Danna Kelley: Hi, Katie. Happy to be here.

Kathryn Gehred: When did you first begin working at Monticello, and what made you want to work there?

Danna Kelley: I clearly remember, because it was the week of Mardi Gras, so it's February in 2005. So, that's almost 17 years ago. I think I was destined to work there, because I was one of those kids, as you may have been as well, given the choice between a vacation and Disney World and Colonial Williamsburg, I would have picked Colonial Williamsburg. You know, I'm just always fascinated and sort of by traveling in time, going back in time, going to historic sites reading books, and we did go to Williamsburg when I was a kid while I was reading my favorite book, which was Johnny Tremaine.

Kathryn Gehred: Oh wow! Having been on many of your tours, you're an excellent tour guide. What's something that you want people to take away with them after going on one of your tours?

Danna Kelley: Lately, I've really want thought about this a lot myself, and I hope my visitors leave with a sense of the gravity and the importance of the events in 1776. And, how Jefferson and his contemporaries, the movement, they initiated away from monarchy and towards self government, circles the globe.

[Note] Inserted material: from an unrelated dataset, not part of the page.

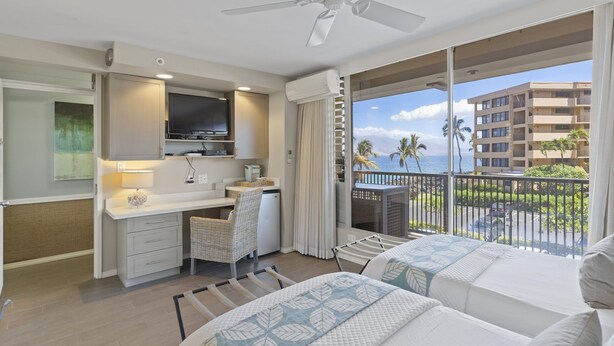 A hotel room with a balcony, a desk, a chair, a bed, and a ceiling fan. - Oceanside Cozy, Clean, Casual Suite - steps to beach and amenities!    (Kihei)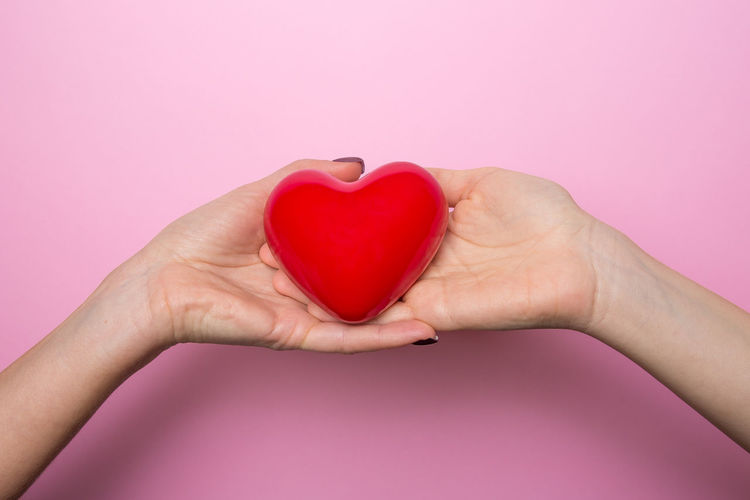 Close-up of woman hand holding heart shape over pink background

I mean, it was it was a sea change, don't you think? I mean, it was big, this was a very big deal that we sometimes take for granted. And, as you know, Monticello is a plantation. So, I certainly want visitors to think about the big picture, and the difficult history and the paradox of, you know, the promise of the young republic, but also the cruelty of the institution of slavery, the reality of that as well, not just at Monticello, but in the very, sort of the very DNA of our founding documents and the birth of our nation. And I guess, after all this difficult history, I want them to leave with a sense of hope, and optimism. I think Jefferson would have approved don't you think he was the eternal optimist, who said he liked the dreams of the future better than the history of the past. So lately, I've been finishing with lines from this letter he wrote when he was 73. He wrote "Laws and institutions must go hand in hand with the progress of the human mind." He said, "As new truths are disclosed, manners and opinions change, institutions must advance also, and keep pace with the times." So that's a lot. I don't know if they leave with any of that.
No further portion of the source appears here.